Task goal >>
An exact copy of the data is required, with no pictures in it.

Given data >>

----

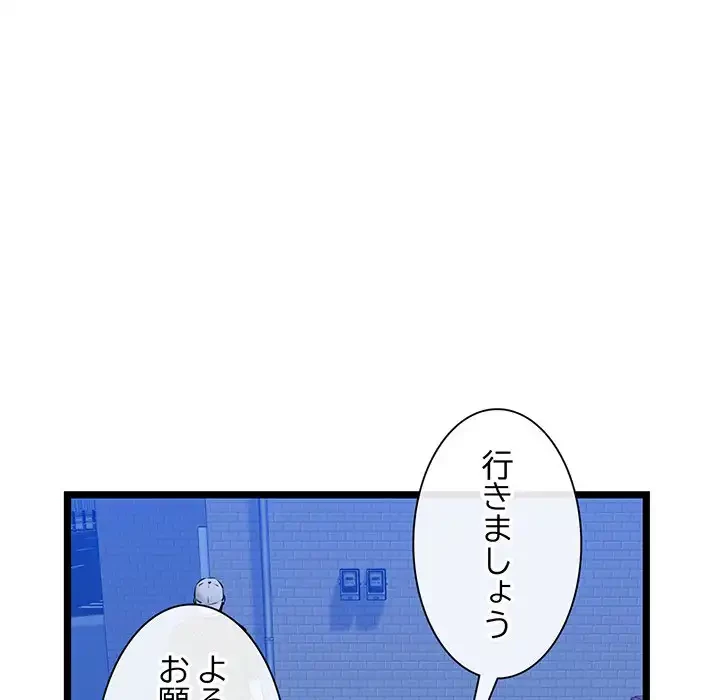 チアリーダー 第4話 - 24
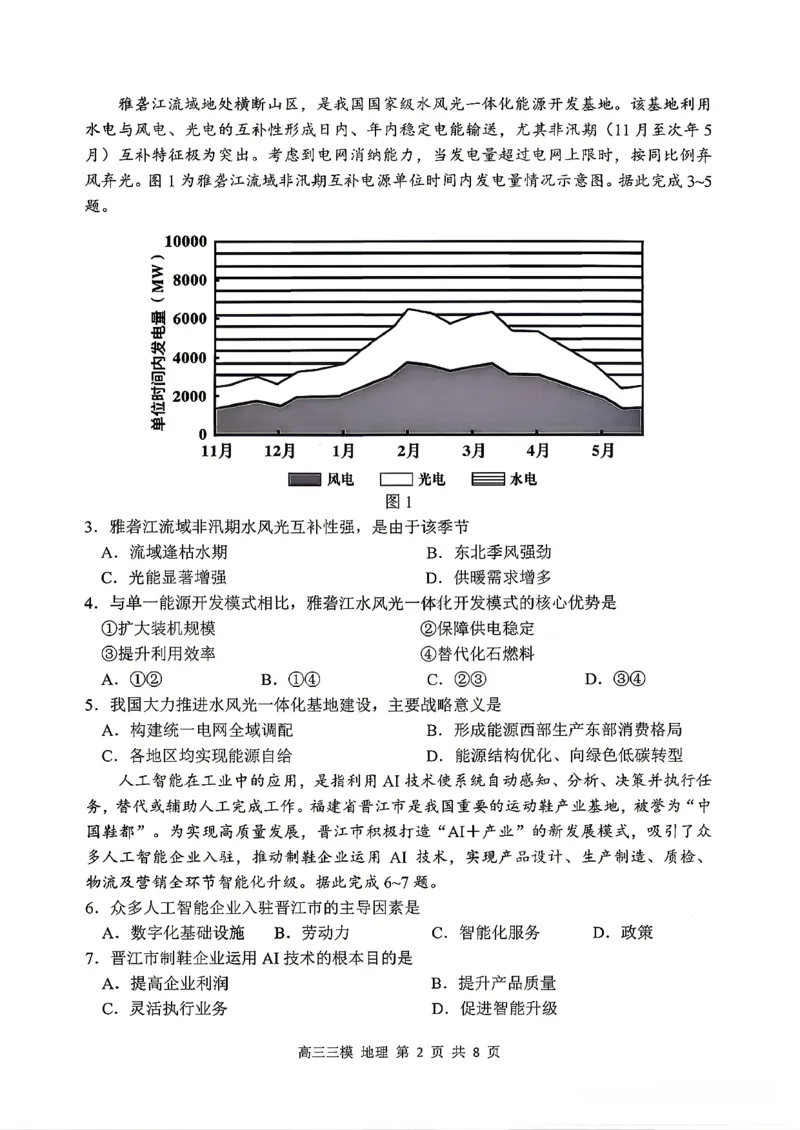 《地理2025-2026哈三中高三三模_2024-2027高三（6-6月题库）_2026年05月高三试卷_2605102026年黑龙江省哈尔滨市第三中学高三下学期第三次模拟（全科）》第2页预览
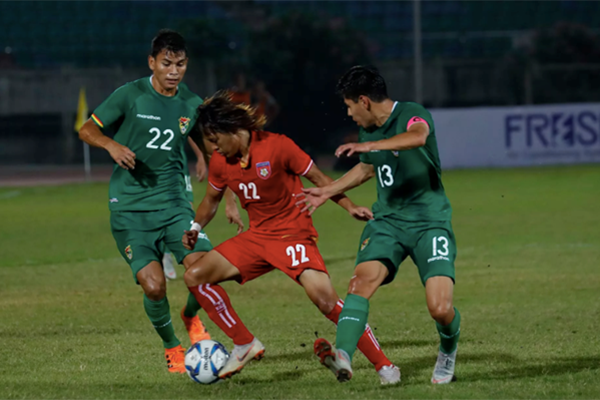 Myanmar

----

Answer >>
 チアリーダー 第4話 - 24
 《地理2025-2026哈三中高三三模_2024-2027高三（6-6月题库）_2026年05月高三试卷_2605102026年黑龙江省哈尔滨市第三中学高三下学期第三次模拟（全科）》第2页预览
 Myanmar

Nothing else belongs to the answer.